Today's bill does nothing for the number one issue on people's minds in Hawaii and around the country: creating new, good-paying jobs.
We're seeing unemployment on Hawaii Island at nearly 10 percent.
On Kauai, it's nearly 9 percent. In Maui County, it's nearly 8 percent.
Instead of addressing this top issue of jobs, today's bill is part of a continuing assault against organized labor around the country.
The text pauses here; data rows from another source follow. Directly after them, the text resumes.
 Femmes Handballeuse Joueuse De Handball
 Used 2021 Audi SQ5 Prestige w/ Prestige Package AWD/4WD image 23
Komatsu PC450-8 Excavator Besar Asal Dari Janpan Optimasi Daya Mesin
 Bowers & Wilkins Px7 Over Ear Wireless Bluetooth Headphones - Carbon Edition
This bill is just like the attacks we saw in Wisconsin and Ohio.
But Ohio's families said no.
And so do Hawaii's.
Because Hawaii families believe working men and women should be able to have a voice at the table.
This belief helped build the middle class in Hawaii and across our country through legislation enabling workers to bargain collectively for better wages and working conditions.
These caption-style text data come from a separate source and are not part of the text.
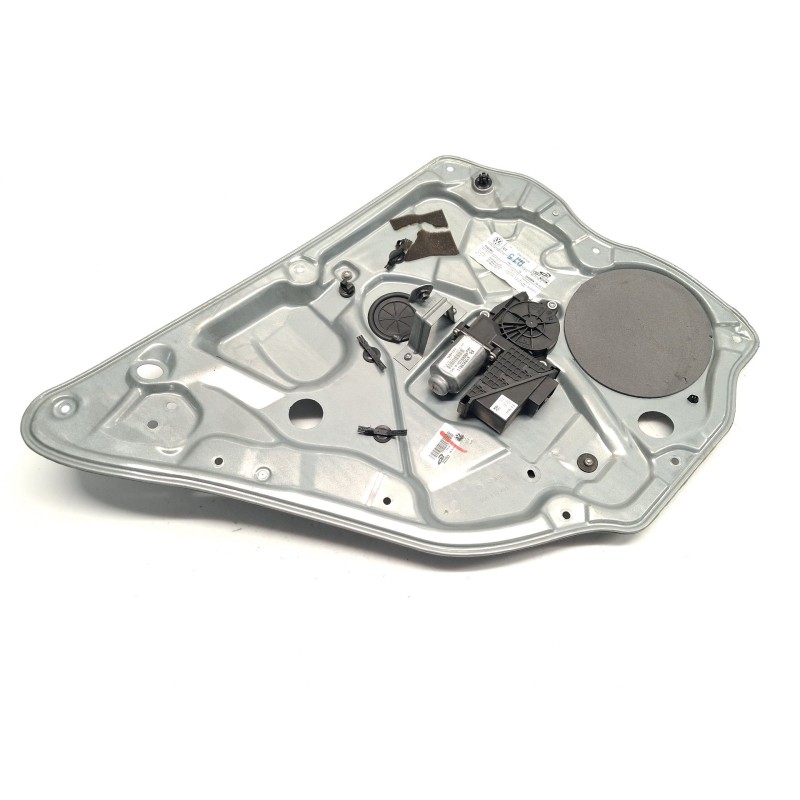Recambio de elevalunas trasero izquierdo para volkswagen polo iv (9n_, 9a_) 1.4 16v referencia OEM IAM 6Y0959811 400891D 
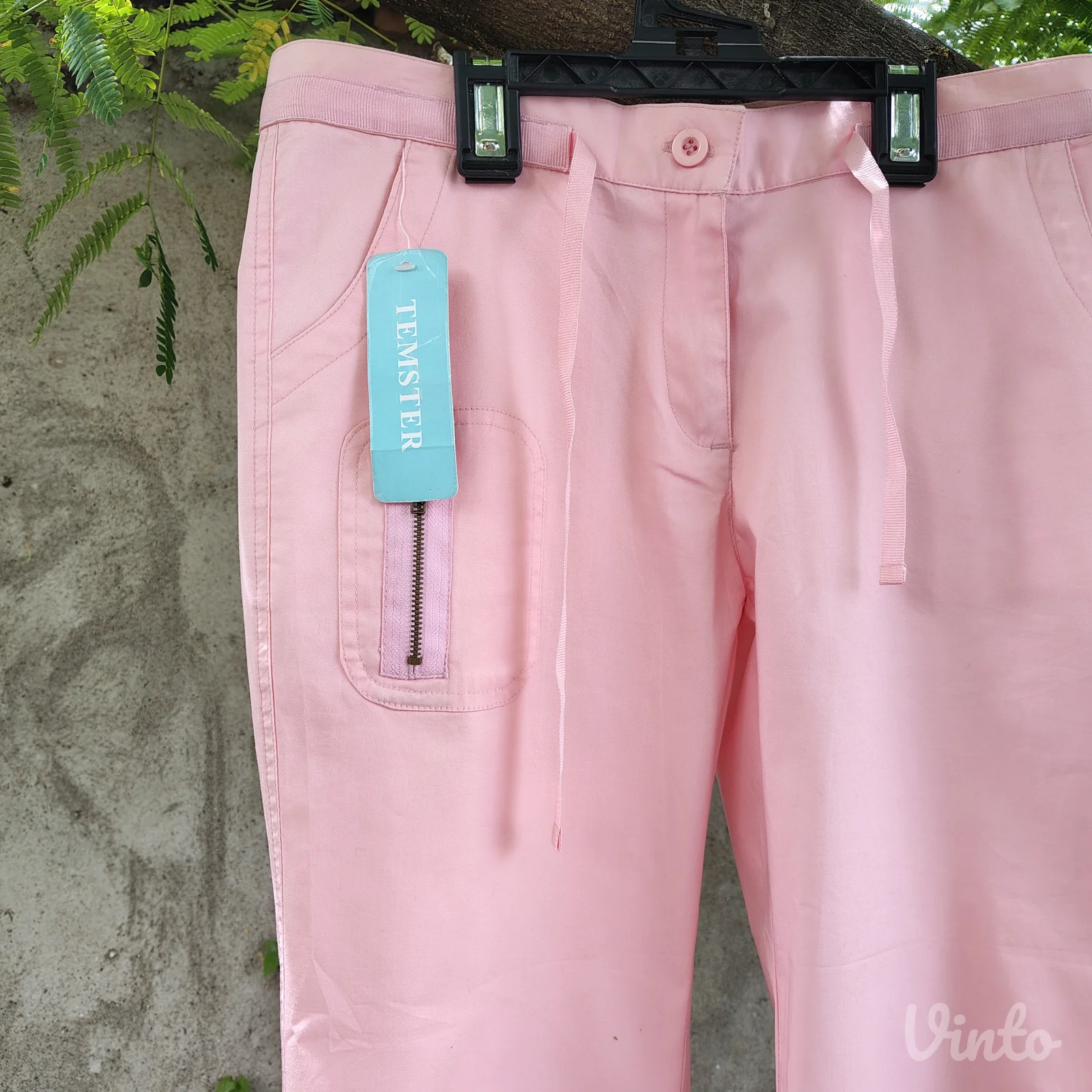Temster 3/4 pantalone 100% pamuk Novo sa etiketom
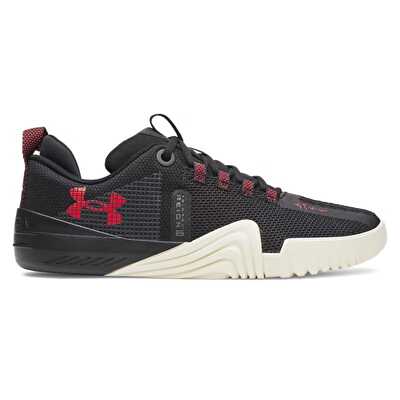Under Armour TriBase Reign 6 Antrenman Ayakkabısı Siyah
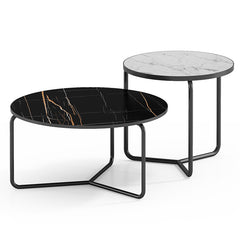 鐵架小茶几組合 Iron Frame Coffee Table Combination 香港辦公室傢俬及設計工程中心 Branding Works Furniture & Office Design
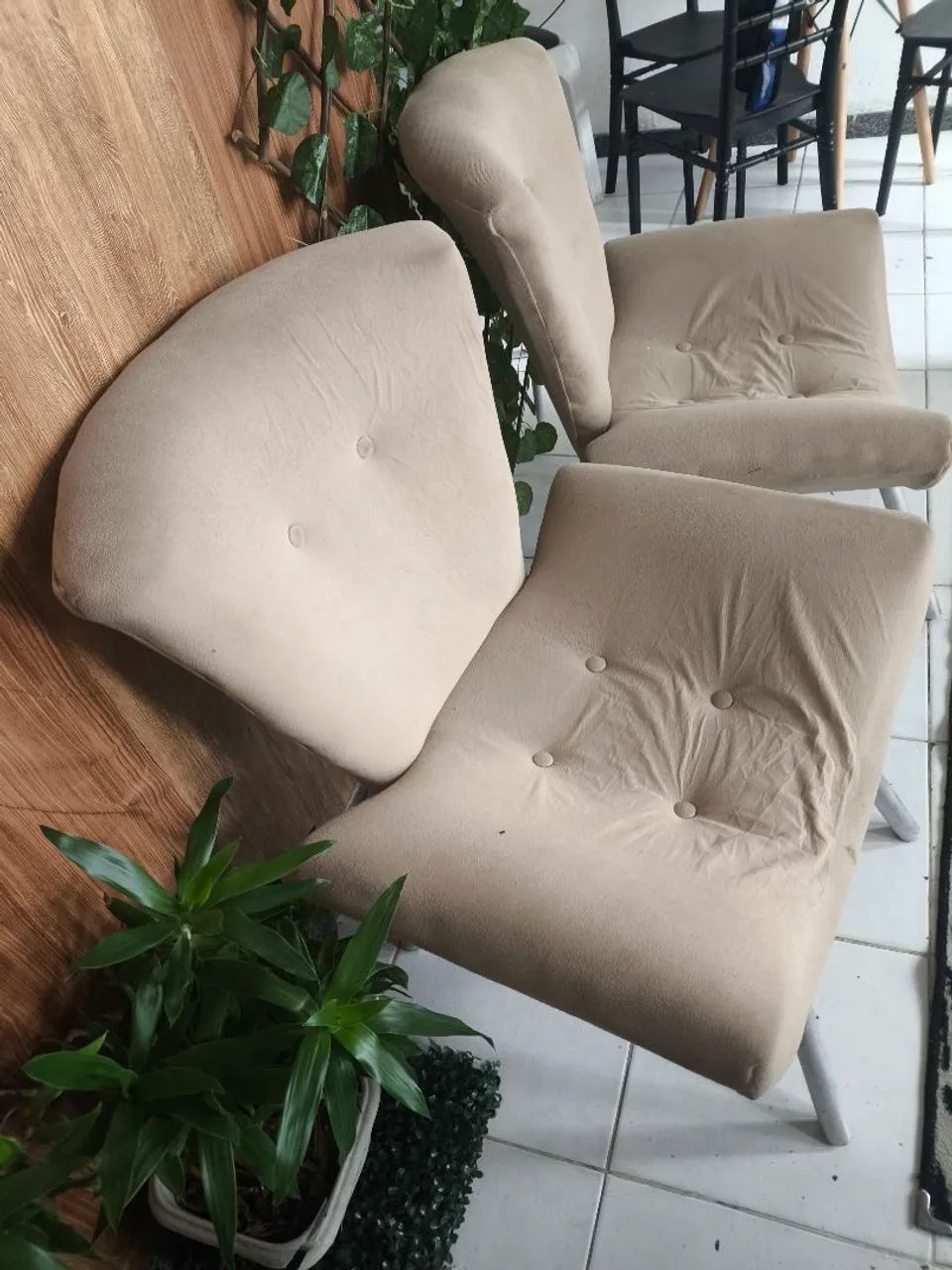 Vendo duas poltronas  - Foto 3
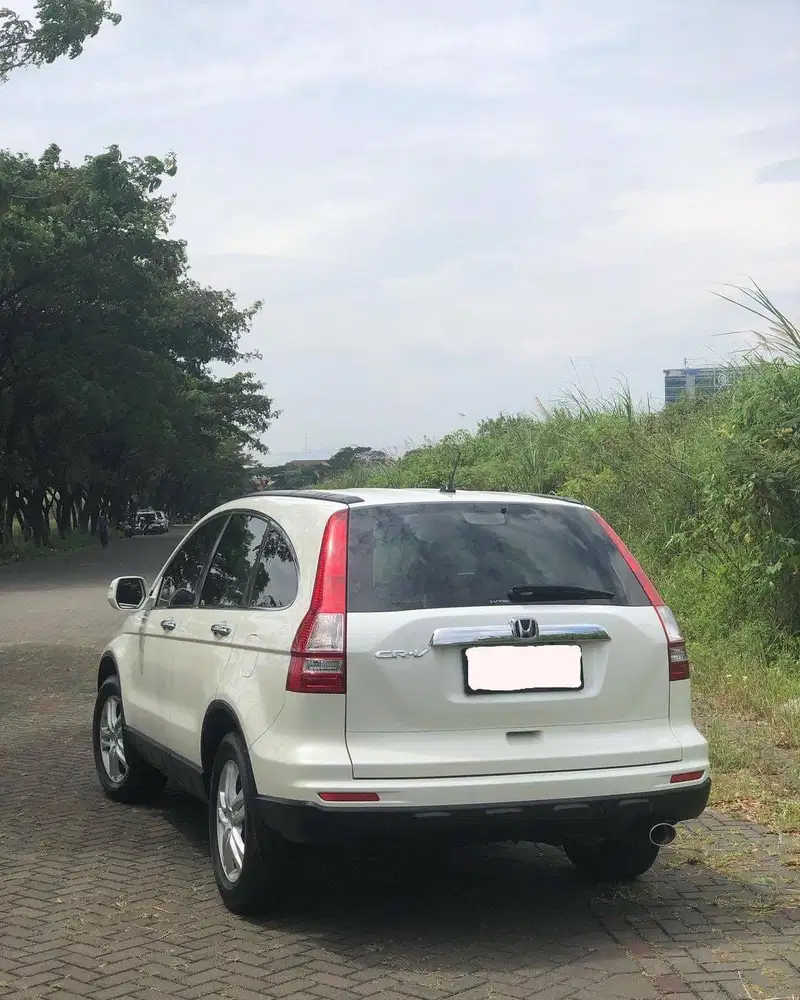 Honda CR-V 2012 Bensin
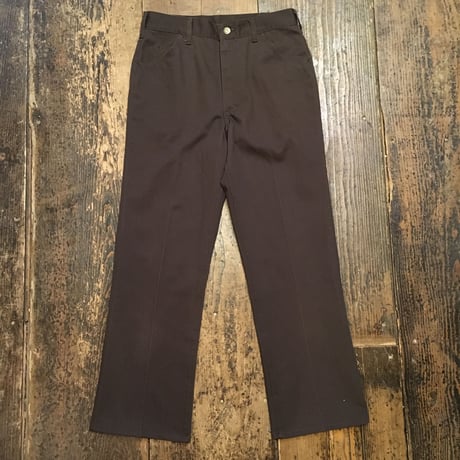 [DEADSTOCK] Lee♡ピケパンツW30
Congress should be focusing on creating jobs--
NOT making it easier for a few companies to prevent workers from having a voice in the workplace.
While most employers in Hawaii want to support their workers, I have heard from workers in Hawaii that some companies exploit the current system to prevent workers from having a voice in the workplace.
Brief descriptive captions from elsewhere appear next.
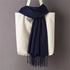 Winter  Women Scarf Female Scarves For  Women Solid Shawl Wraps For Winter Casual Wear Travel Friendly - Treko - 2021 trends, beach scarfs, birthday gifts, casual scarfs, fashion 2021, fashion scarfs, fashionable scarfs, new trend 2021, scarfs, scarfs for women, stylish scarfs, travel scarfs, trends 2021, trendy fashionable scarfs, trendy scarfs, trendy scarfs 021, trendy scarfs for women, winter scarfs- Stevvex.com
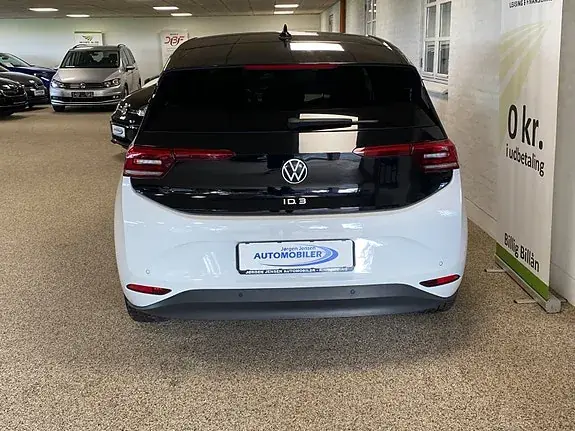 Volkswagen Id.3 2022 photo 4
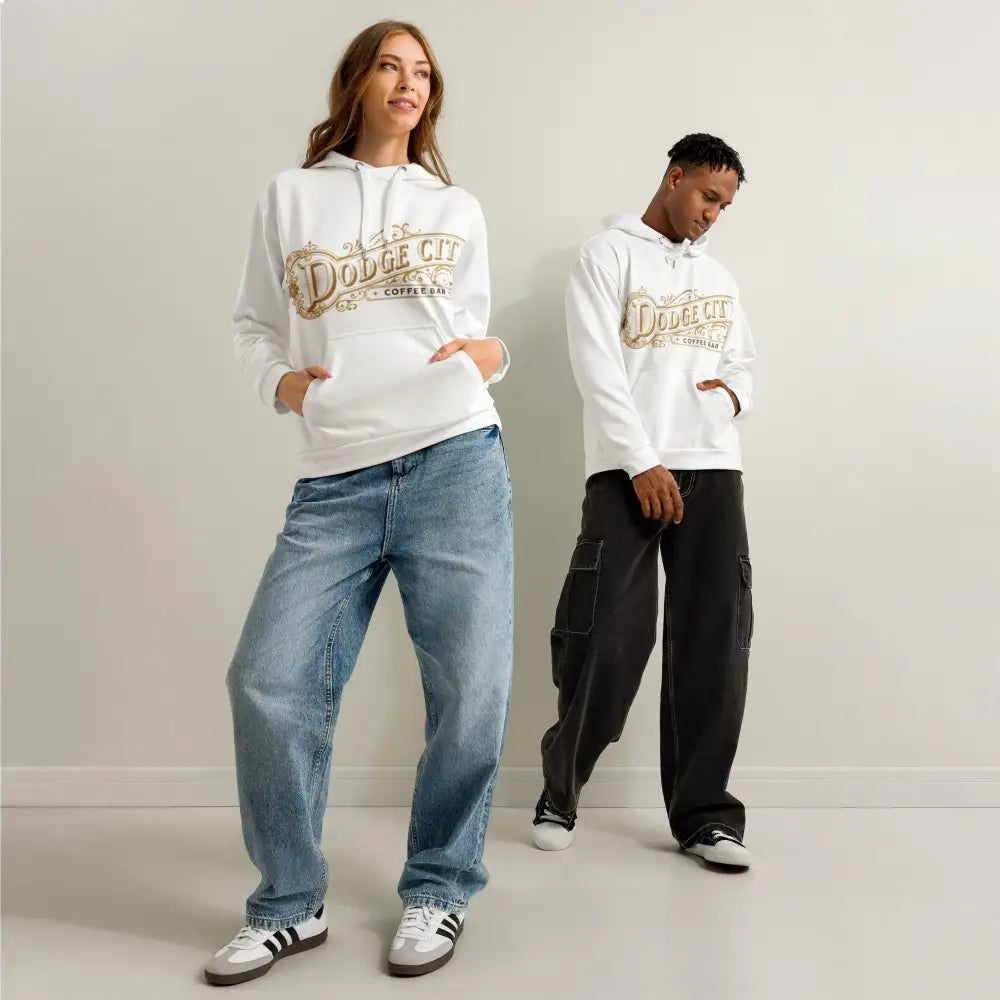 Dodge City Hoodie - 2XS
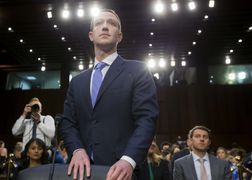 BBC Brit HD Zuckerberg: król metawersum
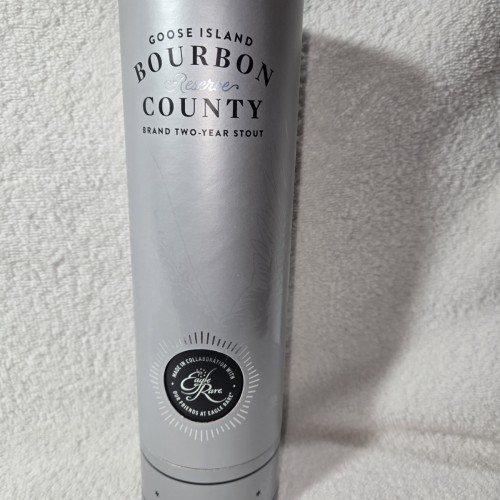 Goose island bourboun county eagle rare 2023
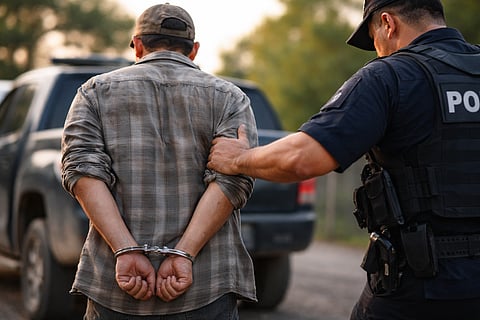 Aprehende FGE a hombre acusado de agredir a un perro en Lázaro Cárdenas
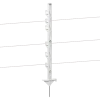 Afbeelding van Gallagher Hobbypaal 0,75m wit (10)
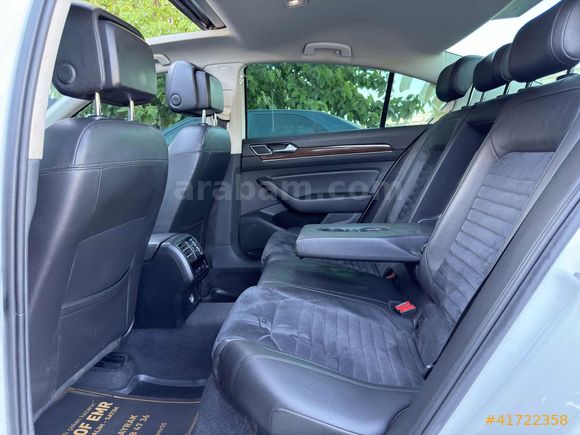 PASSAT 1.6TDI-CAM TAVAN-HAYALET-LED FAR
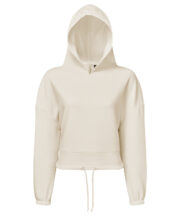 Women's TriDri® cropped oversize hoodie - Image 9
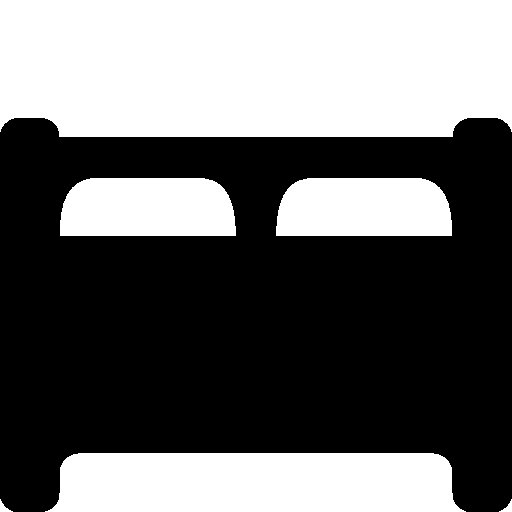 Household Bed Icon Windows Iconset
For example, in February 2003, National Labor Relations Board Administrative Law Judge Gerald Wacknov ruled against a Hawaii business where a labor dispute had been going on for years.
In 2002, workers at this company, who had not been given a raise in six years, asked the International Longshore and Warehouse Union (ILWU) for help in organizing a union.
Judge Wacknov ruled that "the Employer's conduct prior to the election . . . substantially interfered with the employees' free choice."
In the run-up to the union election, the workers were forced to attend one-on-one or group meetings on work time, where the management could convince workers to vote against the union.
Under current law, we know that a company can talk to their workers at any time and urge them to vote against joining a union.
The company can scare workers into thinking that voting for a union will cost them their jobs.
Meanwhile, unions are not allowed to visit the worksite to make their case for joining a union.
They do not have access to complete contact information that will enable them to effectively contact workers.
This company even hired a private security firm and posted large, threatening security guards outside the voting area during the vote.
After Judge Wacknov's ruling in February 2003, the company appealed the decision. A year and a half later, in summer 2004 the overburdened National Labor Relations Board upheld Judge Wacknov's ruling and ordered a new election.
In August 2004, a second election was held for the company's workers, and a majority voted to join the union.
The company appealed yet again.
In February 2005, NLRB Administrative Law Judge James Rose found that the company had effectively stuffed the ballot box in its favor by unfairly adding ineligible voters.
In July 2005--40 months after a petition was first filed to hold an election--the NLRB Board finally certified the ILWU Local 142 as the union for the workers.
Still, the company has continued to offer appeal after appeal of the election's results.
It's now the end of 2011.
The workers still do not have their first bargaining contract for better wages and conditions.
Today's bill on the House floor would make this unfairness even worse.
H.R. 3094 would make it nearly impossible, in contested situations, for workers to come to the table and have a voice in the workplace by voting to join a union.
Nationwide, in contested cases, workers already have to wait an average of four months to vote whether to join a union. Various delays can already occur.
Today's bill would make this problem even worse. It would add an extra minimum waiting period of two weeks before a hearing, and five weeks before an election. This is in addition to the already long wait time.
And each day of delay allows an employer to continue to scare their employees into voting against a union.
Today's bill would add to the NRLB's paperwork burdens. H.R. 3094 would require the NLRB to hear frivolous appeals from a company to stop an election.
This would completely overwhelm the NRLB with thousands of frivolous appeals and delay elections even longer.
Clearly, the current system is already stacked against workers trying to have a voice at the table.
This bill should really be called the "Election Prevention Act."
I urge my colleagues to join me in voting against this bill.
Instead, let's stand with working men and women of this country and focus on what people really want--getting back to work.